Data for processing:
↓↓↓

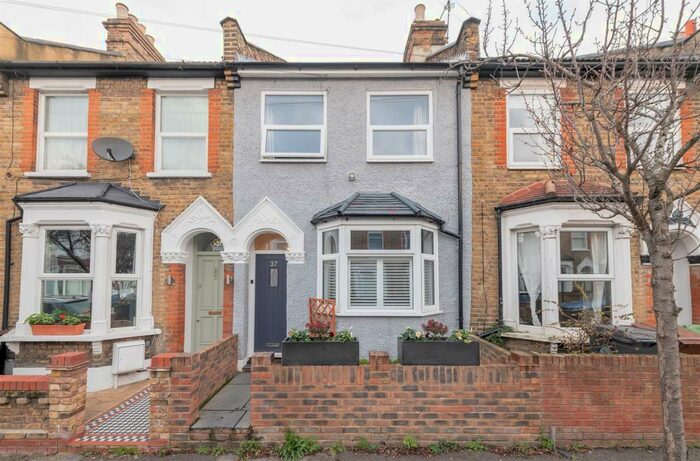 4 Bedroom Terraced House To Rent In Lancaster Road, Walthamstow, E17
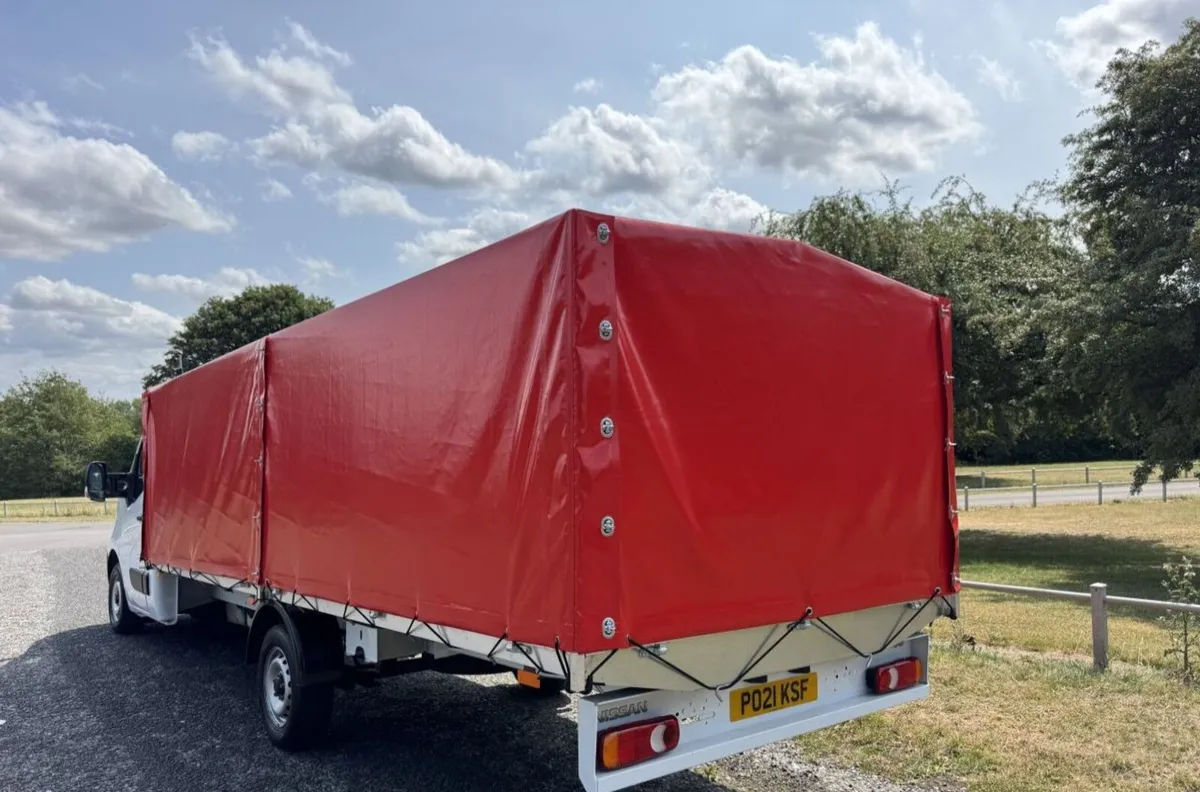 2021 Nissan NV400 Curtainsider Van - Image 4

↑↑↑
↓↓↓

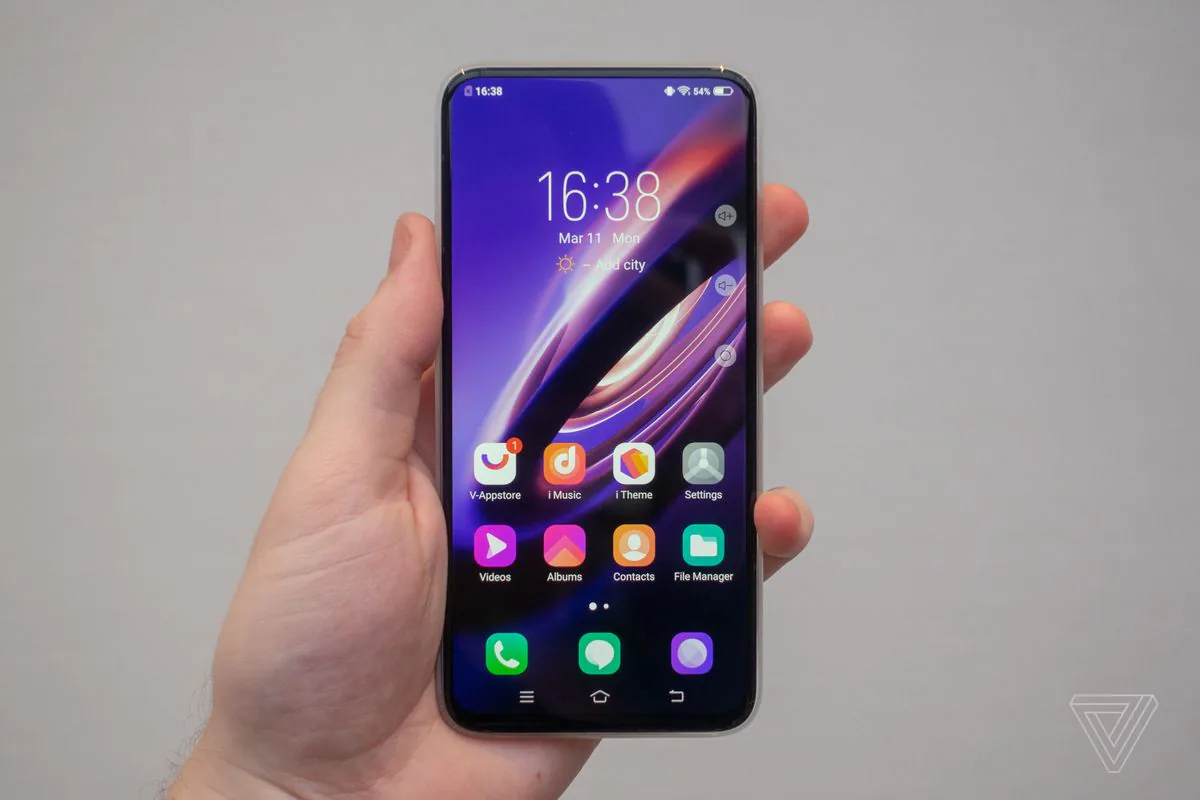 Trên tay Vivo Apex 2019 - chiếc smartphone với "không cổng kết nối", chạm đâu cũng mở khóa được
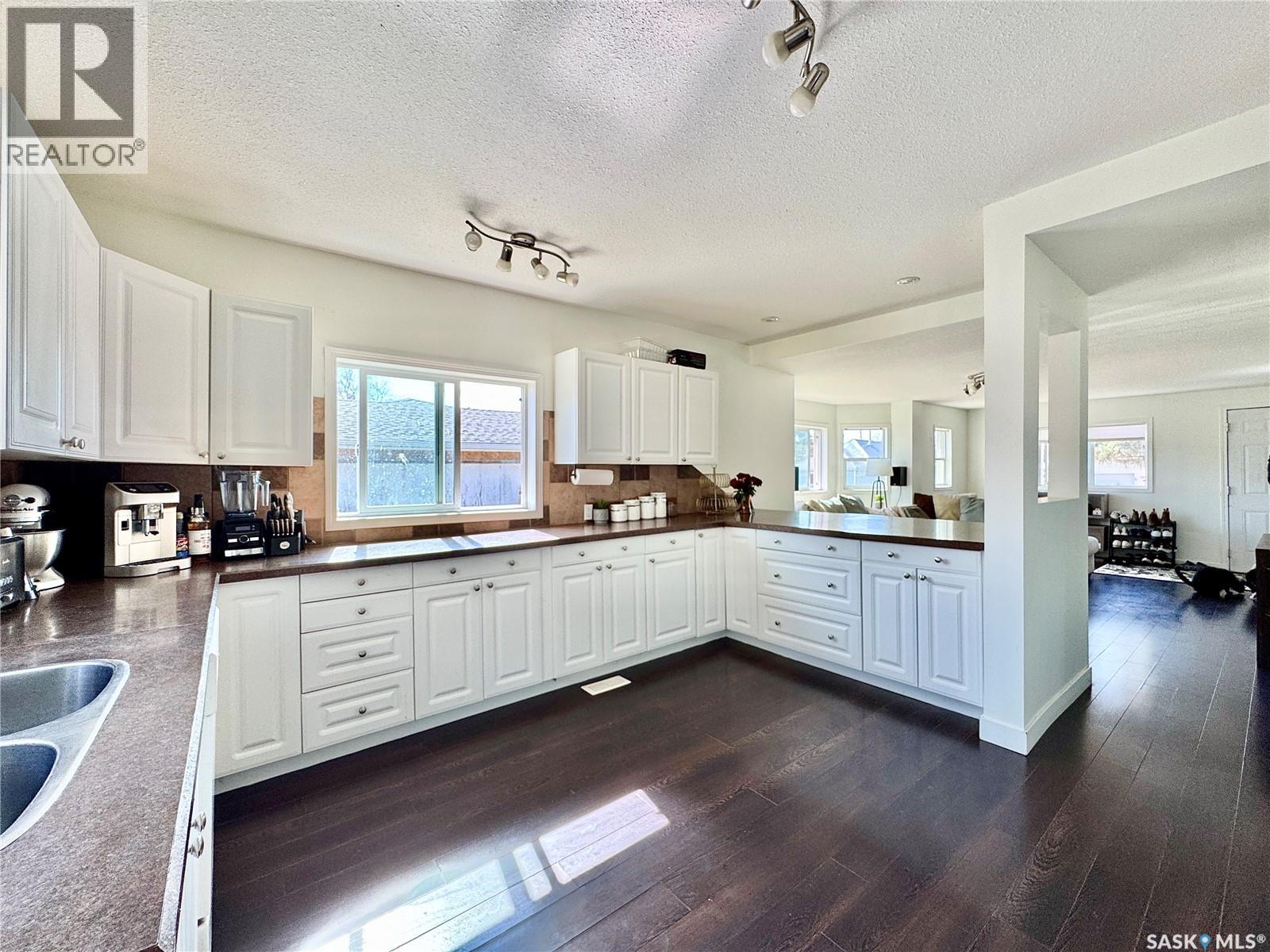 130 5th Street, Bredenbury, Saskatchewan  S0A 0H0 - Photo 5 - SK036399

↑↑↑
↓↓↓

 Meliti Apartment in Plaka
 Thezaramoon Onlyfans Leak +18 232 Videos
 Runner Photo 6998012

↑↑↑

Description of the task:
Using the listing above, copy exactly the line that contains "Thezaramoon Onlyfans Leak +18 232 Videos", the line that contains "Runner Photo 6998012", and each line that falls between them.

Reply to the task:
 Thezaramoon Onlyfans Leak +18 232 Videos
 Runner Photo 6998012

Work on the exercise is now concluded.